#### [INPUT RECORDS]
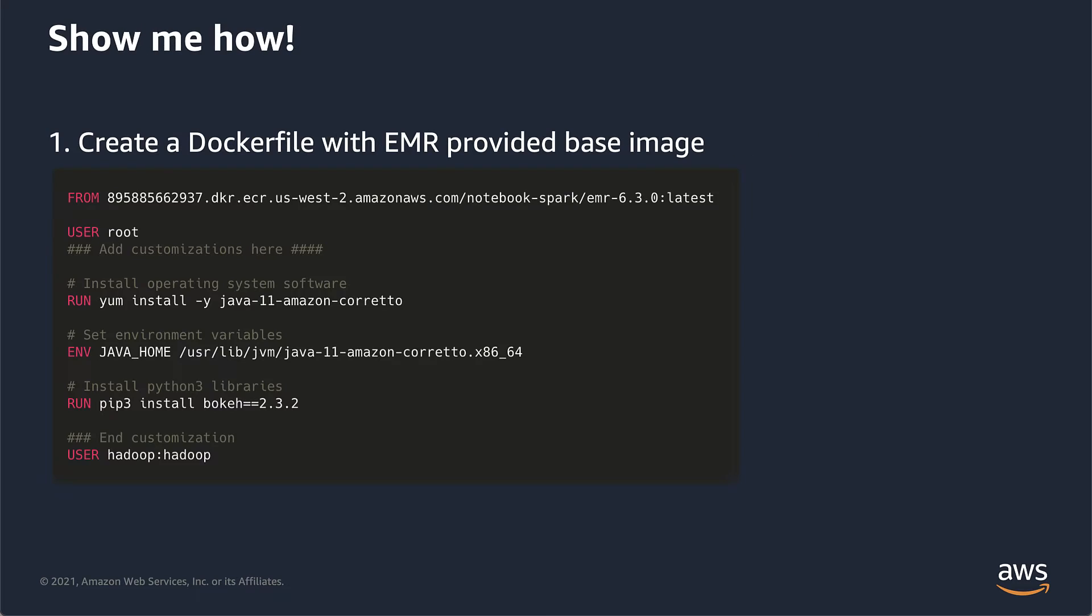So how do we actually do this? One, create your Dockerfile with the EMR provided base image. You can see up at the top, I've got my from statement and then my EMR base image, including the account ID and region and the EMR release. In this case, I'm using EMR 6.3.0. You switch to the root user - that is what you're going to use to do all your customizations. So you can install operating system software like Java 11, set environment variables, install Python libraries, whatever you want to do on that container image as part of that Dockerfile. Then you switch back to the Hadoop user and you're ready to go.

...

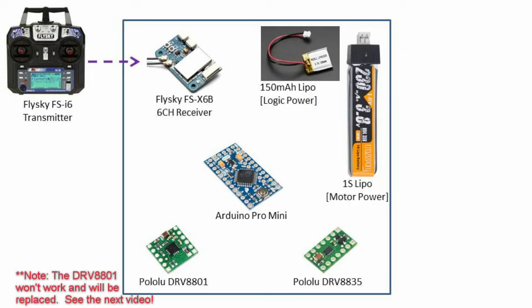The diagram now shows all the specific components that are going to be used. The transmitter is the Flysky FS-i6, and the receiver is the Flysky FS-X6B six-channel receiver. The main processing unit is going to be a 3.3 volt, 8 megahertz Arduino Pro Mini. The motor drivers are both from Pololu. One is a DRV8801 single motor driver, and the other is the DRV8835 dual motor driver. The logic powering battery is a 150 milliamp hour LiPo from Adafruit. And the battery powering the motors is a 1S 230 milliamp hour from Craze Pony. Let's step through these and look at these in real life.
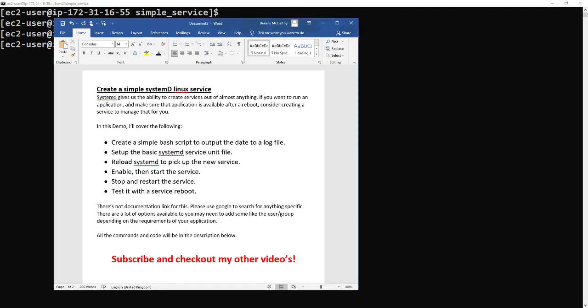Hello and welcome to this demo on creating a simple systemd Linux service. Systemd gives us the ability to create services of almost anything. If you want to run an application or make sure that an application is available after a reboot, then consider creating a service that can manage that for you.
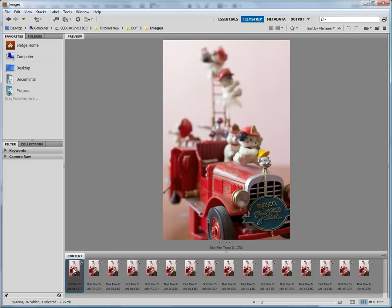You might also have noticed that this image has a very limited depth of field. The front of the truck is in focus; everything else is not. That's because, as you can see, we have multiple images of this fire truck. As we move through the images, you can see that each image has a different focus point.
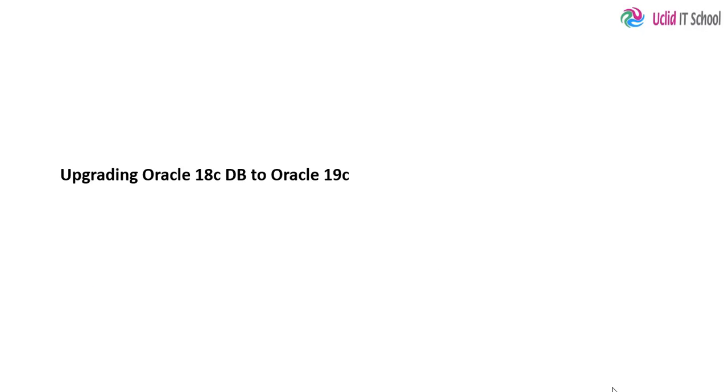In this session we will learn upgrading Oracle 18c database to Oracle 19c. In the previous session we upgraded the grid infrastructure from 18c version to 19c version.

...

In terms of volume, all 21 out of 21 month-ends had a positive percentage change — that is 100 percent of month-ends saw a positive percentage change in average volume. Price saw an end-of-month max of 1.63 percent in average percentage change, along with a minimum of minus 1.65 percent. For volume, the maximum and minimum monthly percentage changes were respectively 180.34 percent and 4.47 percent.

#### [WHAT THIS TASK INVOLVES]
In the records above, everything from the line with "Hello and welcome" down to the line with "In this session" is to be set down exactly, both ends included, with no pictures and no other lines.

#### [RESPONSE FOR THIS EXERCISE]
Hello and welcome to this demo on creating a simple systemd Linux service. Systemd gives us the ability to create services of almost anything. If you want to run an application or make sure that an application is available after a reboot, then consider creating a service that can manage that for you.
You might also have noticed that this image has a very limited depth of field. The front of the truck is in focus; everything else is not. That's because, as you can see, we have multiple images of this fire truck. As we move through the images, you can see that each image has a different focus point.
In this session we will learn upgrading Oracle 18c database to Oracle 19c. In the previous session we upgraded the grid infrastructure from 18c version to 19c version.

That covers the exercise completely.